While absolute figures do give a picture, a better way to look at this is through the lens of market value of these investments as a percentage of respective average assets under management (September 2022). While Motilal Oswal still reigns supreme, PPFAS, IDFC, PGIM, HSBC and Quant occupy the next positions. Here is a chart that illustrates the top-10 in this regard.
Biggest individual schemes bets
Across fund-houses, AMC/sponsor investments seem to be concentrated across certain schemes. This can be due to various reasons such as preference for the fund, absolute size of the fund, etc.
In terms of such investments’ absolute market value, the top-5 slots are occupied by Motilal Oswal Flexi Cap Fund(₹624 crore), Motilal Oswal Midcap Fund (₹Rs552 crore), Motilal Oswal Focused 25 Fund (₹212 crore), Motilal Oswal Large and Midcap Fund (₹159 crore) and Parag Parikh Flexi Cap Fund (₹109 crore). The biggest one in the large cap equity segment, as per this data, is Axis Bluechip Fund (₹49 crore).
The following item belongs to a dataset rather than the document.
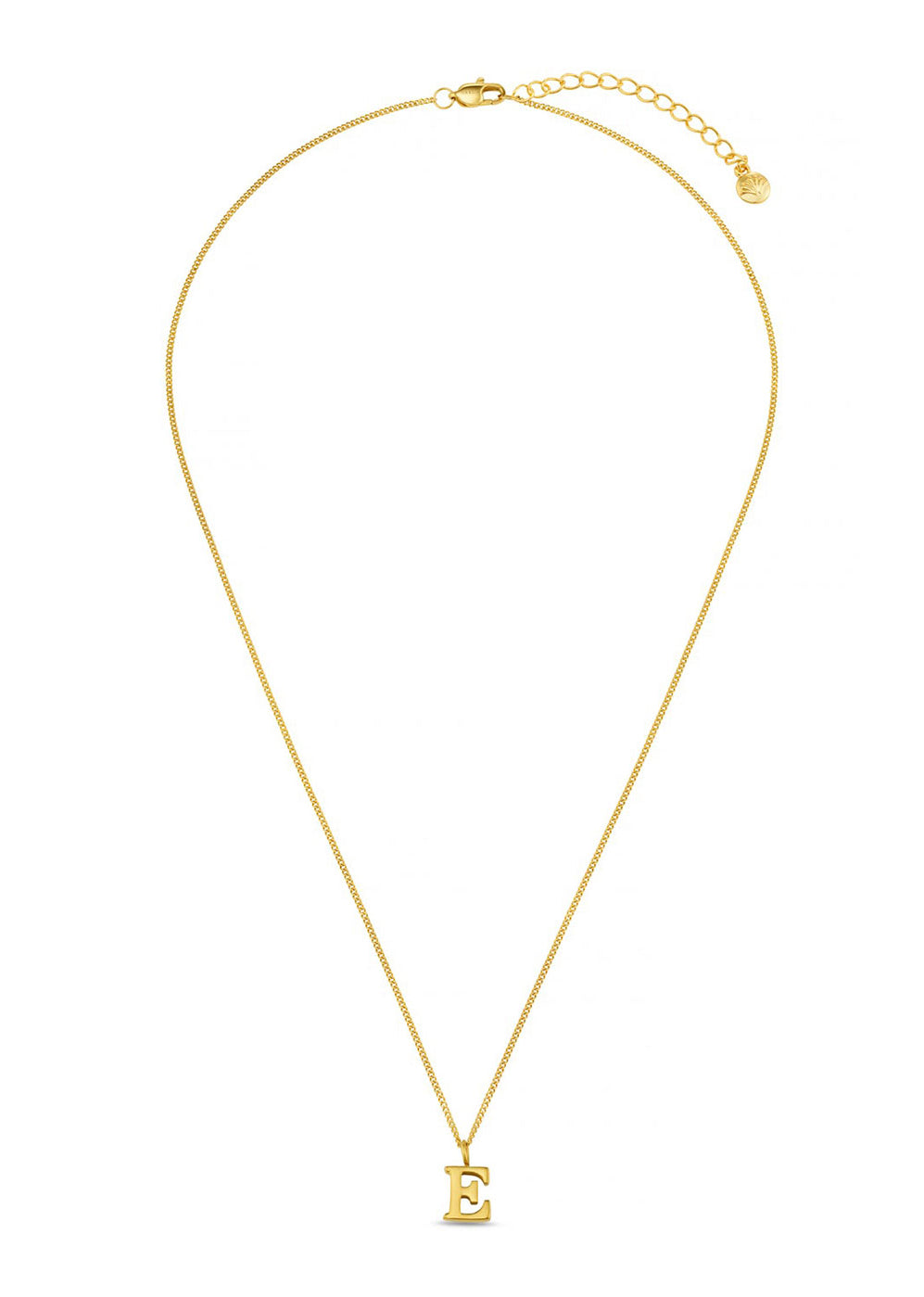 Orelia LUXE Initial Necklace - Gold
Similarly, the biggest in the tax-saving fund category is Axis Long Term Equity Fund (₹44 crore). In the value-oriented equity funds side, ICICI Pru Value Discovery is ahead of peers with ₹33 crore.
In terms of hybrid schemes, SBI Equity Hybrid Fund (₹ 71 crore) is top on the list, followed by HDFC Balanced Advantage Fund (₹Rs61 crore), etc. On the debt side, IDFC Ultra Short Term Fund (₹56 crore) is the leader in its category, followed by SBI Liquid Fund (₹42 crore), IDFC Bond Fund – Short Term Plan (₹29 crore).
With actively-managed funds facing a cap on launches due to SEBI’s strict categorisation rules, AMCs increasingly sing paeans about passive investing (index funds, ETFs and fund of funds) to investors. However, they seem to have walked only a little in those terms. Out of the AMCs with the biggest number of schemes, we found 4 fund-houses where there was any semblance of AMC/sponsor investments.
In ICICI Pru MF, ICICI Prudential Nifty 100 Low Volatility 30 ETF FOF (₹1.43 crore), ICICI Prudential Passive Multi-Asset Fund of Funds (₹98 lakh) and ICICI Prudential Thematic Advantage Fund (FOF) (₹93 lakh); in HDFC MF, HDFC Asset Allocator FoF (₹2.46 crore), HDFC Developed World Indexes FoF (₹1.37 crore) and HDFC Dynamic PE Ratio FoF (₹1.19 crore) are examples; in Kotak Mahindra MF, there are Kotak NASDAQ 100 FoF (₹1.8 crore), Kotak Global Innovation FoF (₹1.51 crore), Kotak Multi Asset Allocator FoF – Dynamic and Kotak International REIT FOF which also have some investments.